Shares of natural gas transportation fuels leader Clean Energy Fuels (NASDAQ: CLNE) have lost 42% of their value since September 2016. In fact, the stock is threatening its 52-week -- and all-time -- low of just $2.15 per share. Then again, you're always told to buy low. Investors wondering if now is a good time to buy should answer another question first: How risky is Clean Energy Fuels?
By the numbers
The company has several attractive attributes. Sales volumes have grown like clockwork in recent years. In the first nine months of last year, Clean Energy Fuels sold 245 million gasoline gallon equivalents, or GGE, compared to 230 million GGE in the year-ago period. That's a remarkable change from 2013, when only 214 million GGE were sold for the entire year. The market potential is large and the market is largely untapped -- something the company has been able to exploit.
Despite increasing volumes of product sold, depressed selling prices have taken a toll on revenue. Full-year revenue slipped in 2015 compared to the prior year.
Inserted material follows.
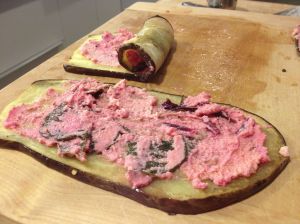 Eggplant slices spread with ricotta mixture and rolled.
And although 2016 revenue will likely be higher than the previous year, it will be unlikely to match the watermark set in 2014.
But management is banking on a turnaround. It slashed capital expenditures last year to help boost the bottom line to a net loss of just $0.07 per share through the first nine months, much improved from a net loss of $0.92 per share in the year-ago period. It also cleaned up the balance sheet by retiring debt with proceeds from a share offering. Dilution, perhaps more so than market conditions, has played a major role in the stock's dismal performance in the last several years.
The recently sliding stock price means Clean Energy Fuels is historically cheap on the basis of price-to-book value. Investors could rarely pick up shares without paying a premium for growth, but can now enjoy a 17% discount to shareholders' equity.
Of course, heavy dilution and years of sacrificing profits for growth can erode Mr. Market's faith in a stock. So how does Clean Energy Fuels compare to publicly traded peers? Admittedly, there aren't many direct comparisons, but we can stack the company up against other alternative fuel stocks that have had a similarly rough going since commodity prices tanked in late 2014.
Price to Book
Price to Sales
Clean Energy Fuels
Renewable Energy Group (NASDAQ: REGI)
Pacific Ethanol (NASDAQ: PEIX)
Data source: Yahoo! Finance.
All three companies trade below book value, with Clean Energy Fuels presenting a decent bargain. This hints that investors could see upside from current prices, barring a sudden decrease in assets or increase in debt. However, investors need to consider that money-burning operations mean the company's cash could disappear in several quarters -- dragging down the total asset balance. The only way for the company to get its hands on more cash is through a debt or share offering, which has gotten investors into the current mess.
Clean Energy Fuels is also the most expensive company of the three based on price-to-sales ratio, although that shouldn't be too surprising given that it has grown revenue the fastest and growth usually comes at a premium. Plus, the other two stocks boast an unusually low ratio. Beta, or the measure of a stock's volatility relative to the overall market, is also the highest for the natural gas transportation fuels leader, but only slightly.
Overall, these metrics provide a murky view of Clean Energy Fuels' risk level moving forward. What's telling is that both Renewable Energy Group and Pacific Ethanol have handily beaten the stock market in the past year and should be profitable in 2017, while our stock in question has lagged the market and isn't expected to post profits this year. That, in the end, could say enough about where the stock is headed.
What does it mean for investors?
While traditional valuation metrics are important, investors also need to keep their eyes on developments in the real world that ultimately influence a stock. For instance, the recent increase in natural gas prices could result in an increase in Clean Energy Fuels' input costs. If the increase in costs isn't offset by an increase in selling prices, then the company could see margins shrink and losses widen. That could lead to a further deterioration of the share price and jeopardize an already fragile balance sheet.
Market unknowns, coupled with mediocre financial metrics -- book value is the only positive -- make the stock appear to be relatively risky, and certainly too risky for me.